Provider specialty associated with the index LEMS claim among patients with presumed SCLC, according to timing of diagnoses, are presented in Table 1. The type of specialist associated with the index LEMS claim was examined according to the timing of diagnoses. Among 54 patients with information on provider specialty and ≥12 months claims history before their index lung cancer diagnosis, 22 (41%) had an associated neurology visit. All three patients whose first observed LEMS claim fell >90 days before their index lung cancer claim saw a neurologist, while 15 (39%) and 4 (33%) patients had a neurology visit associated with LEMS within 90 days or more than 90 days after the index lung cancer claim, respectively.

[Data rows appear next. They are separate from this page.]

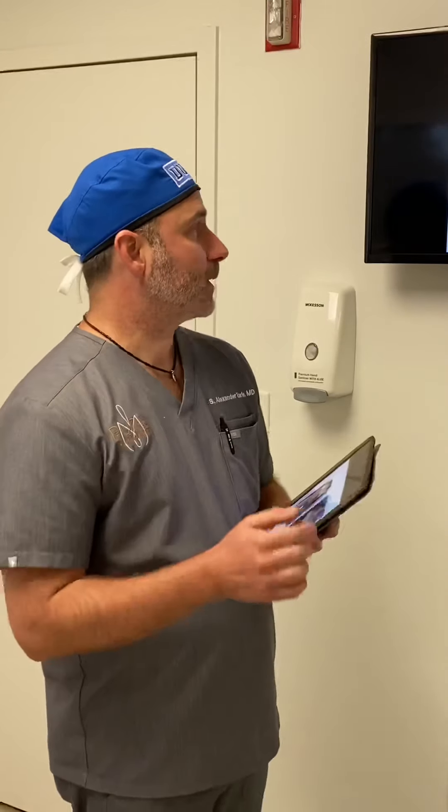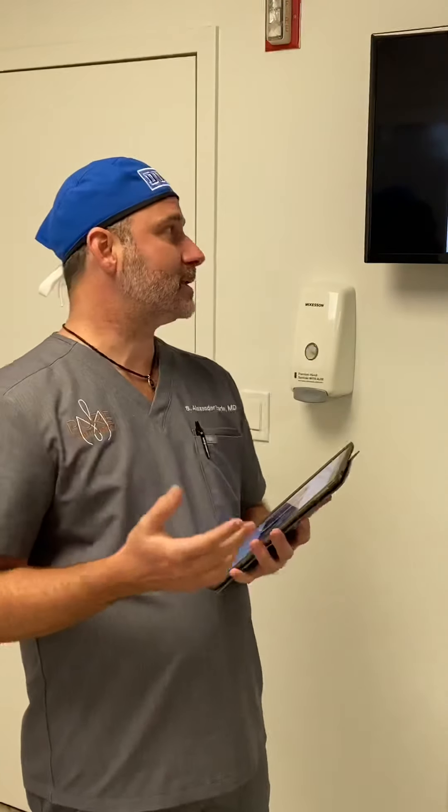So what is the Miami Makeover? The Miami Makeover is basically a breast procedure combined with liposuction — more specifically combined with high definition, or HD, type of lipo. I did a talk about HD lipo a few weeks ago. You can find that on our IGTV at Pure Plastic Surgery or on our YouTube channel, where we go into quite a bit of detail.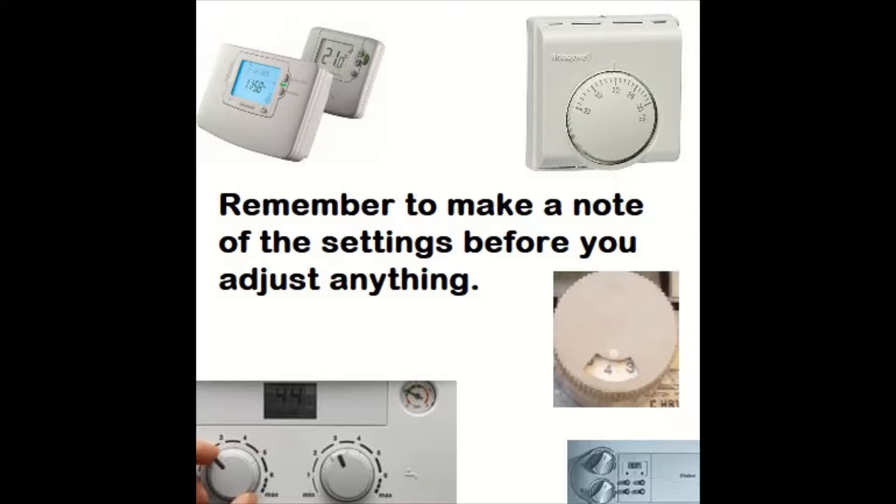Make sure you make a note of the temperature settings, or take a photo — I find that's easiest — along with any programs you've changed or hot water temperature, so you can set it back at the end when you finish the service or whatever job you're doing. This will avoid the customer calling you up saying the hot water is too hot or too cold. Just stops any aggro.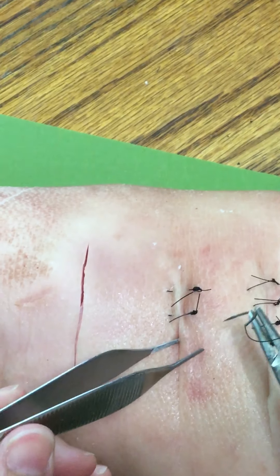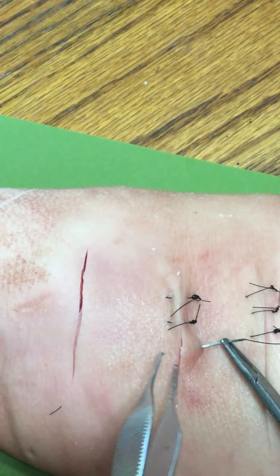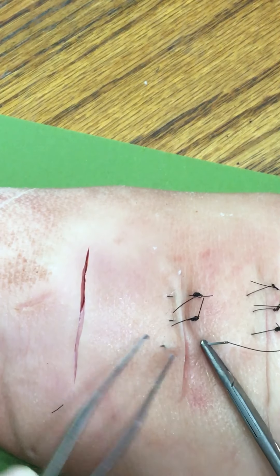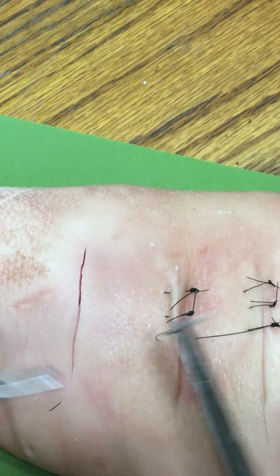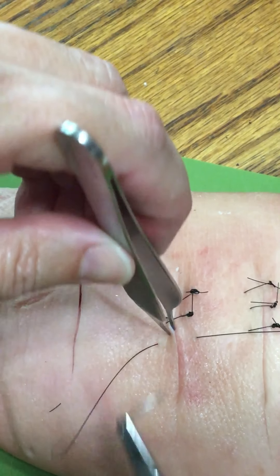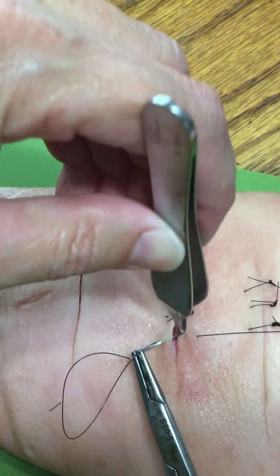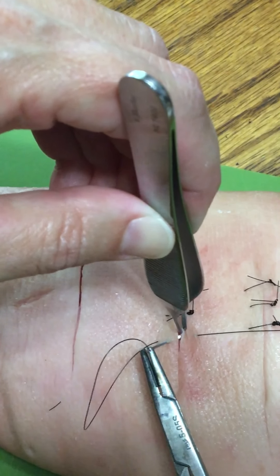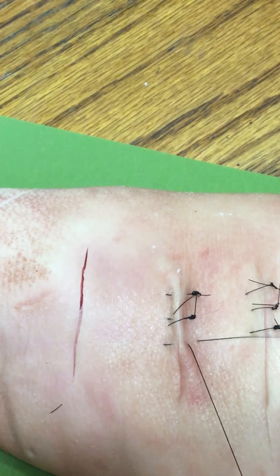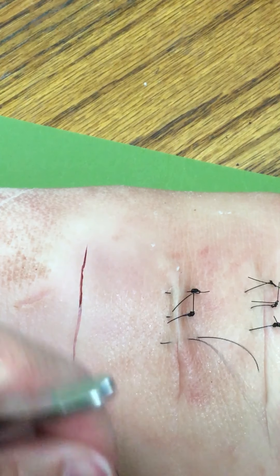I'll do one more here. Entering at 90 degrees deep. I'm going to reload that backhand. Half the distance — I'm going to come out just sub-Q for my shallow stitch. One, two.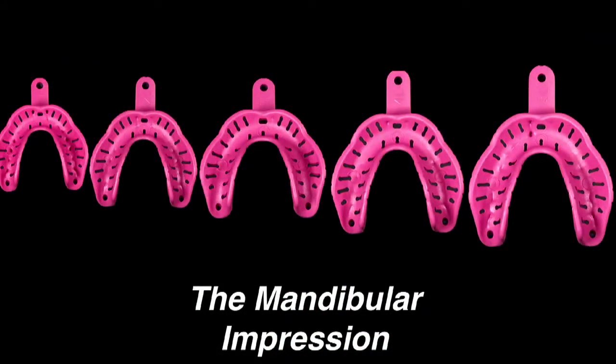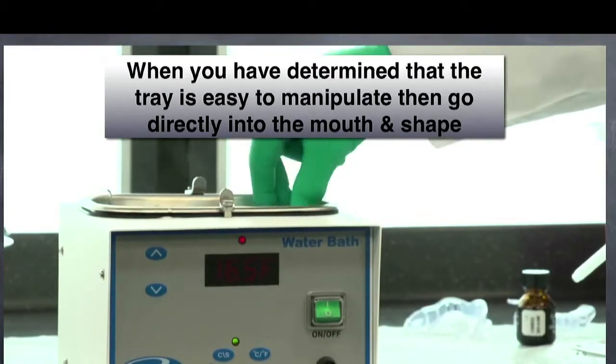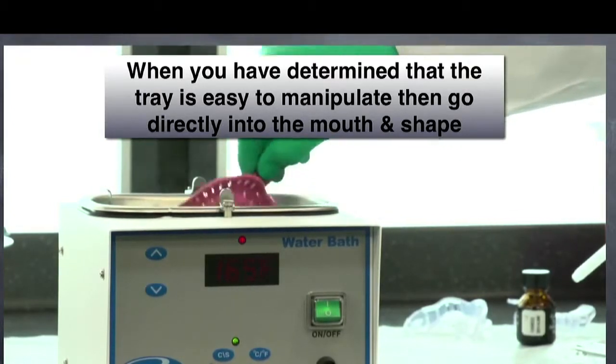Mandibular Impression. The Mossad Edentulus LT Impression Trays come in five sizes. Select the optimal size tray, then place into a heated water bath and soften.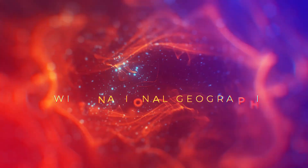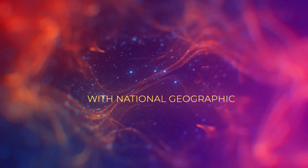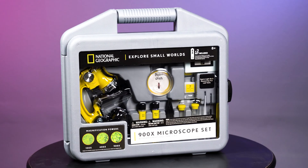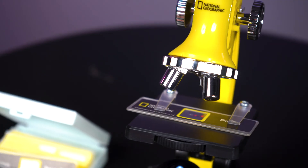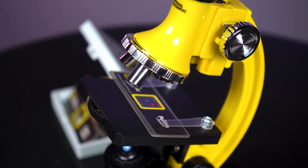Are you ready to explore the microscopic world around you? Look no further than the National Geographic 900x Microscope. With its three magnification settings and fully focusable lens, you can view any objects down to the cellular level.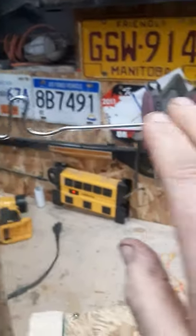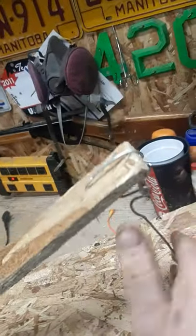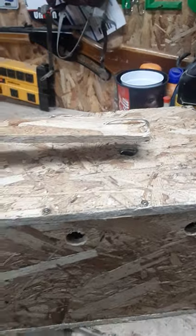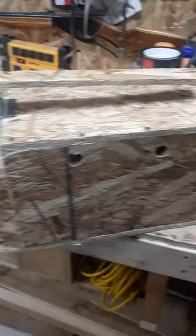It does lock in place because I do have a little lock tab here. And the triggering mechanism is really, really easy — just a little wire, touch your coat hanger, and it just touches just like that. Now it's a hair trigger.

Table 1. Provider specialty associated with the index LEMS claim among patients with presumeda,b SCLC, according to timing of diagnoses (N = 76).

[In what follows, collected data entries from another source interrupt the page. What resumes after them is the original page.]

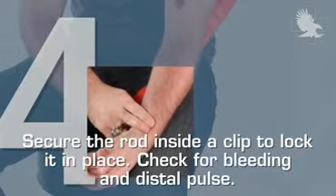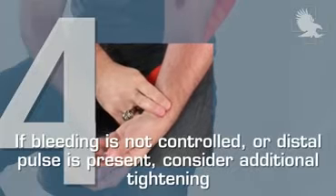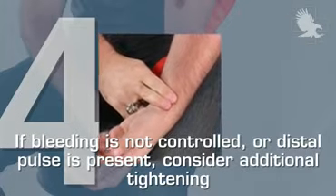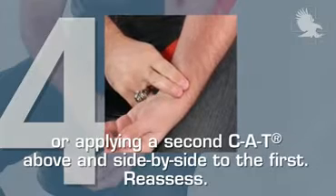Step 4. Secure the rod inside a clip and lock it into place. Check for bleeding and distal pulse. If bleeding is not controlled or distal pulse is present, consider additional tightening or applying a second CAT above and side by side to the first. Re-assess.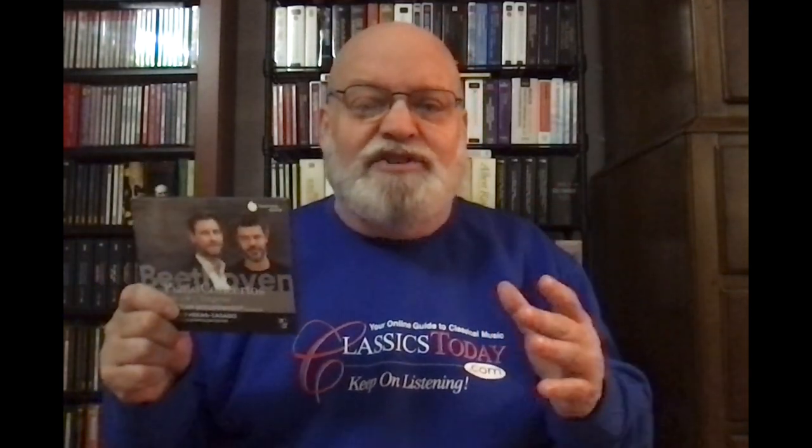But the Emperor Concerto has absolutely no business being played on an instrument of this diminutive size with its meager tone and an orchestra that's even worse. You've got seven violins in firsts and seconds, and they sound so bloody anemic. It's just bad.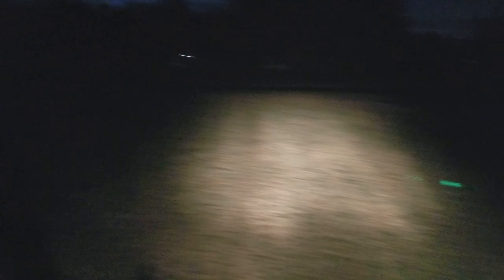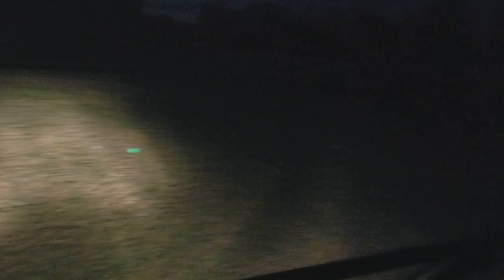I believe the halogen sort of kind of does a better job of going off to the sides. Unfortunately the LED lacks in that department. It is brighter, of course, and the main focus is what's ahead of you. So if you're looking for something like that, great — but if you're looking for something more flood off to your sides, this is not going to be the light for you. It's not going to help you in that department.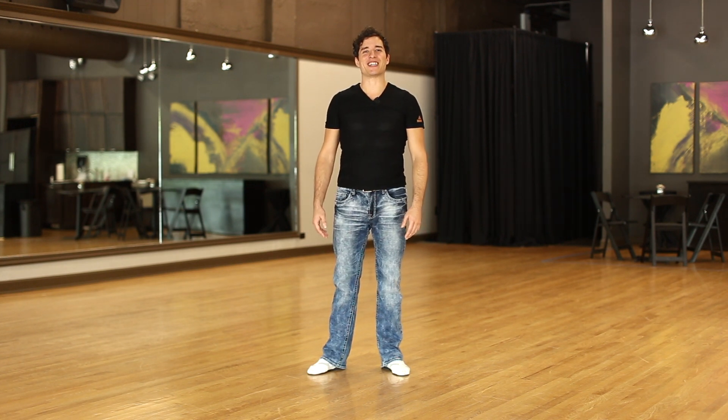But realistically, I just want you to practice your grounding, so continue to do so, have some fun doing it, and I'll see you in the next tutorial.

Patient characteristics are presented in Table 2. Numerically, patients with SCLC with LEMS were younger than patients with SCLC without LEMS (mean 64.5 vs. 66.2 years) and more likely to be female, but neither difference reached statistical significance. Provider specialty information for the index LEMS claim was identified in 55 (71%) patients, with the most common specialties being neurology (42%), oncology (18%), and internal medicine (15%). Numerically, a higher proportion of patients with LEMS (46%) received concurrent radiotherapy relative to patients without LEMS (36%).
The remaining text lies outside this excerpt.